(DIRECTIONS FOR THIS TASK) Write out the full listing exactly as given, minus the images.
[SUPPLIED MATERIAL — start]
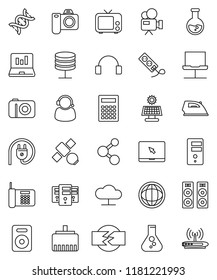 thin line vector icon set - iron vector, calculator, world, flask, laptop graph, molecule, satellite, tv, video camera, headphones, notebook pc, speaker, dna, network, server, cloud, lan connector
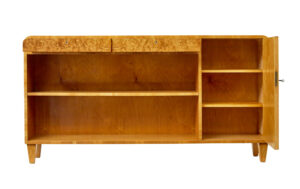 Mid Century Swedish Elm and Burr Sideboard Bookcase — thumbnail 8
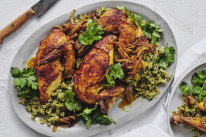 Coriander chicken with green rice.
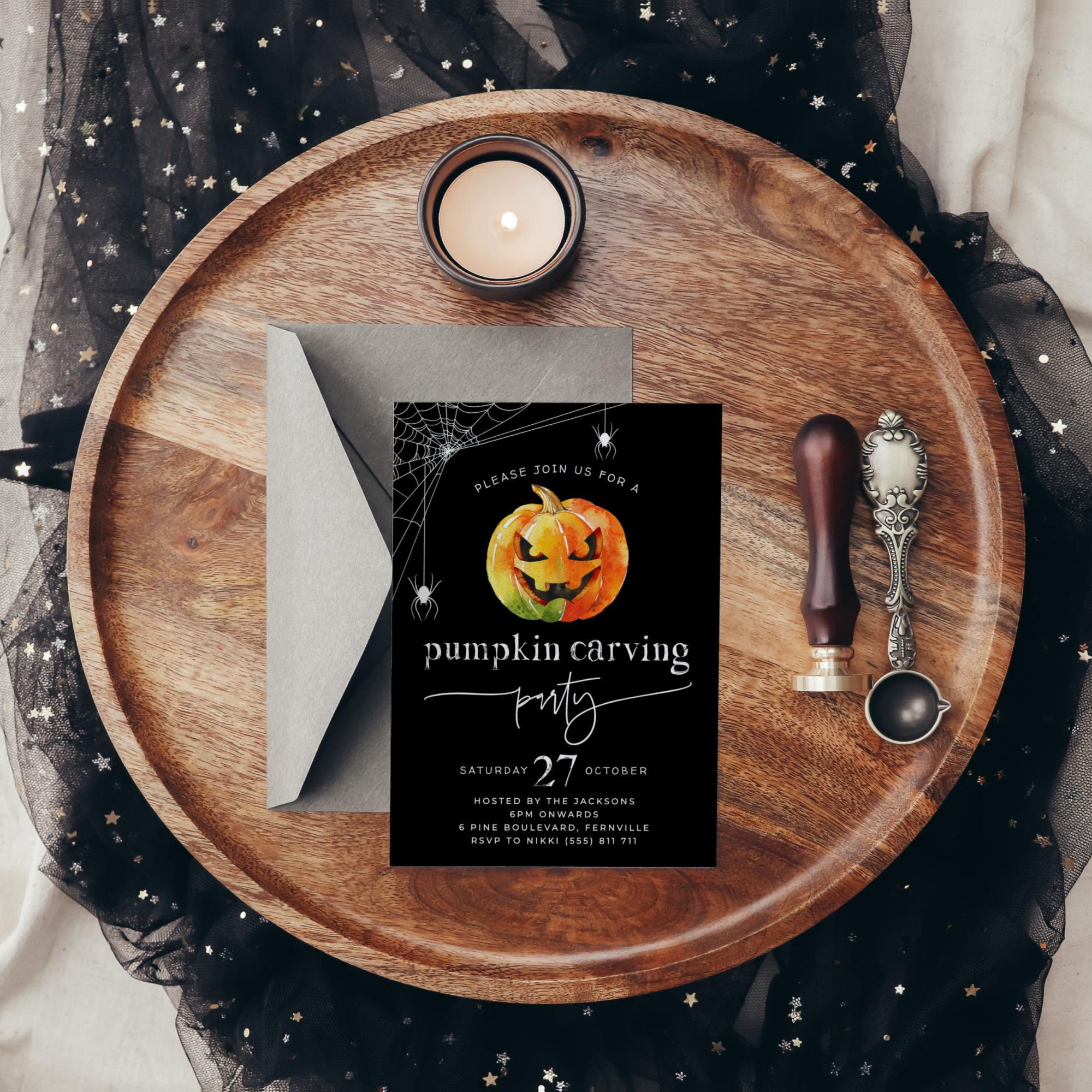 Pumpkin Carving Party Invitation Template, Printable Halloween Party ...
[SUPPLIED MATERIAL — finish]
(RESULT FOR THIS TASK)
 thin line vector icon set - iron vector, calculator, world, flask, laptop graph, molecule, satellite, tv, video camera, headphones, notebook pc, speaker, dna, network, server, cloud, lan connector
 Mid Century Swedish Elm and Burr Sideboard Bookcase — thumbnail 8
 Coriander chicken with green rice.
 Pumpkin Carving Party Invitation Template, Printable Halloween Party ...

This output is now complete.